They can only dream of getting stylish, haute-couture products by international fashion designers such as Japan's Takayuki Sawamura, the United States' Kimberly White or France's Valerie Gregori McKenzie - that are designed and made in Vietnam. These young designers are here because they find it a creative and satisfying place to work, with local artisans able to bring their designs to life.

Takayuki Sawamura, for instance, first came to Ho Chi Minh City eight years ago. He was not planning to make Vietnam his home, but soon found that it was the ideal place to bring his designs to life.

"Many of my creations incorporate intricate embroidered motifs which can only be sewn by hand," he said. "It's much more expensive to commission this kind of work in countries like Japan."

Takayuki has already launched two haute-couture labels, Opla and Thaca, from his fashion boutique on Nam Ky Khoi Nghia, in one of Saigon's chic quarters. His designs tend to be more popular with expatriates working in Vietnam and local well-off shoppers, because they are made from luxurious fabrics. Takayuki is now hoping to expand his costumer base, providing to young Vietnamese "a range of high-quality, value-for-money designs at a price they can afford".

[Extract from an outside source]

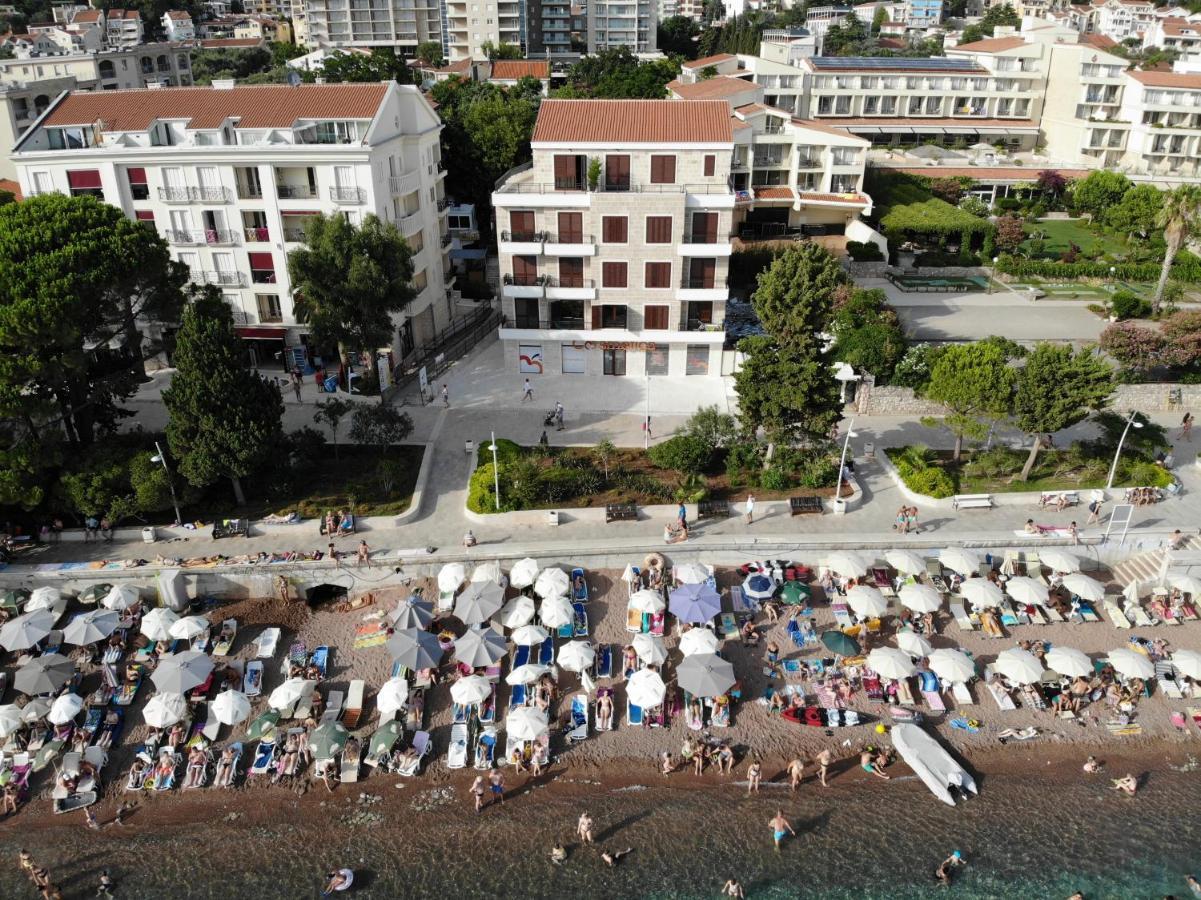 Mar Azul Apartments Petrovac Exterior photo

For Kimberly White, who hails from the United States, it is more than just the promise of cheap and highly skilled labor that drew her to set up her company, Jadora, in this city. She says that living and working here provides her with a rich new source of inspiration.

"I'm continually fascinated by the unique creations of Vietnamese crafts workers," she explained. "I enjoy finding ways to give a contemporary twist in my work."

Like White, Valerie Gregori McKenzie is bringing old and new, East and West together to produce stunning creations. She opened her Hanoi fashion boutique nine years ago and has recently established branches in Ho Chi Minh City.

According to top local designer Minh Hanh, with solid financial resources and experience of doing business in the global market, foreign designers can end up having the edge over their Vietnamese competitors. However, she says, this should not be viewed as a negative development.

"The more international couturiers come to Vietnam, the more local designers will be inspired by new influences, and push themselves to compete," said Minh Hanh, head of city's Fashion Design Institute (Fadin).

One of Minh Hanh's students, Pham Huyen Trang, has already from benefited from that healthy competition. Trang's Co Tam shop here has more than a hundred items in stock, with prices ranging from $10-$500.

"There is strong competition among young designers like me who want to win the hearts of fashion lovers overseas. But we have established our own niche," Trang said.

Minh Hanh and her students have been working hard at putting the local fashion industry on the international map, aiming for it to someday be ranked alongside Paris, Tokyo, New York and Vienna. If that sounds grandiose, Minh Hanh has already shown her collections at fashion festivals and fairs in France, Japan and Belgium and has sold many of her pieces to local customers.

Last year, she began exporting her designs to Los Angeles, marketed under the MH brand. Working closely with the Reper Troirs Showroom there, she frequently sends new collections for the dealer to market.

Young Ho Chi Minh City-based designer Le Minh Khoa has also begun exporting his collections. He settled his first deal earlier this year, selling his latest 80-garment wedding collection to a US businessman.

"I think I understand what foreign customers want to see in new styles, particularly styles created by Asian designers like me," said Khoa, who owns two fashion boutiques in downtown Ho Chi Minh City. "The most important thing for me now is to find an overseas agent who can help me develop my business," Khoa explained.